He did not make these things that you have just mentioned known to us nor did the application which I have with me reveal this type of thing. Of course, when you consider these offering circulars, prospectuses, and the applications, neither we nor the SEC would have any way of knowing there was any kind of a contract. I am not even sure it was a fact.

Mr. TURNER. When was the last time you audited the Burlington Northern?

Mr. MCCORMICK. Very recently. In other words, there is an audit going on right now.

Mr. STAFFORD. Could I get Mr. Olson up here to speak to the coal problem?

Mr. OLSON. I don't think it has anything to do with coal contract relationship.

Mr. TURNER. Chairman Stafford, I don't want to get into the facts.

All I want to find out is that that here are some pieces of information that seem to me should have been loked at. I want to know whether you have in your files

Mr. McCORMICK. We do, sir, but every time an application is filed we don't send the auditors in to check it out. From previous audits, there was no indication that this information that Mr. Simon made available was a fact.

Mr. TURNER. Did you go up there and seek it?

Mr. McCORMICK. Pardon?

Mr. TURNER. Did you go up there and seek a copy of the contract on coal?

Mr. MCCORMICK. No, sir. The auditors are in there now looking at it. When an application is filed and contains no indication of any such contract, it is just not a practical thing to investigate. You can't send the auditors in every time a railroad files an application to issue securities. This isn't done. The SEC doesn't do it either. If Mr. Simon had told us this beforehand or became a party to the proceeding, we certainly would have looked into it. But the prospectus I thought was well prepared. It appeared to show full disclosure.
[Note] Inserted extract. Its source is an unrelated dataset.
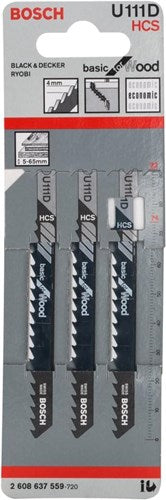 Bosch Zubehör Stichsägeblatt U 111 D Basic für Holz 3 Stück - 2608637559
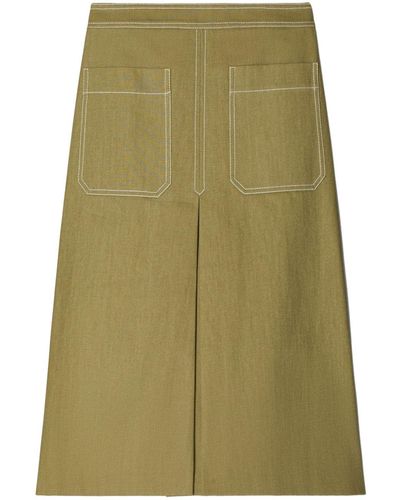 Tory Burch Cotton Twill Skirt - Green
Let me speak for a minute as to the deferred maintenance. The deferred maintenance, of course, is a very nebulous thing. Every railroad, I suppose, has a certain amount of deferred maintenance. Certainly the eastern railroads have a tremendous amount of deferred maintenance. We have some means of checking the deferred maintenance by the rail that is replaced every year, which is reflected in their annual reports and the crossties replaced.

In fact, in 1973 the Burlington Northern replaced 265 miles of track with new rail and another 207 miles of track with used rail. This was more than they performed in 1972. The maintenance expenses were up about 712 percent which is probably due to an inflationary increase in maintenance costs.

We had no indication from any of our records that there was any substantial deferred maintenance going on in Burlington Northern or do I have such information now unless our auditors come up with it and as I say they are still on the property.

Mr. BREWER. I might supplement that if I could by saying that in this particular instance I personally have traveled most of the Burlington Northern on an inspection trip, and it would be my opinion that the trackage of Burlington Northern is a good or better condition than most of the trackage in the country today. I don't know as a fact whether they are deferring maintenance or not, but I think we also ought to probably consider the fact that the coal business or the real estate part of the railroad has been spun off into a subsidiary, if I am correct. This then, whether or not we have jurisdiction to go on down into that is something that I want to look into.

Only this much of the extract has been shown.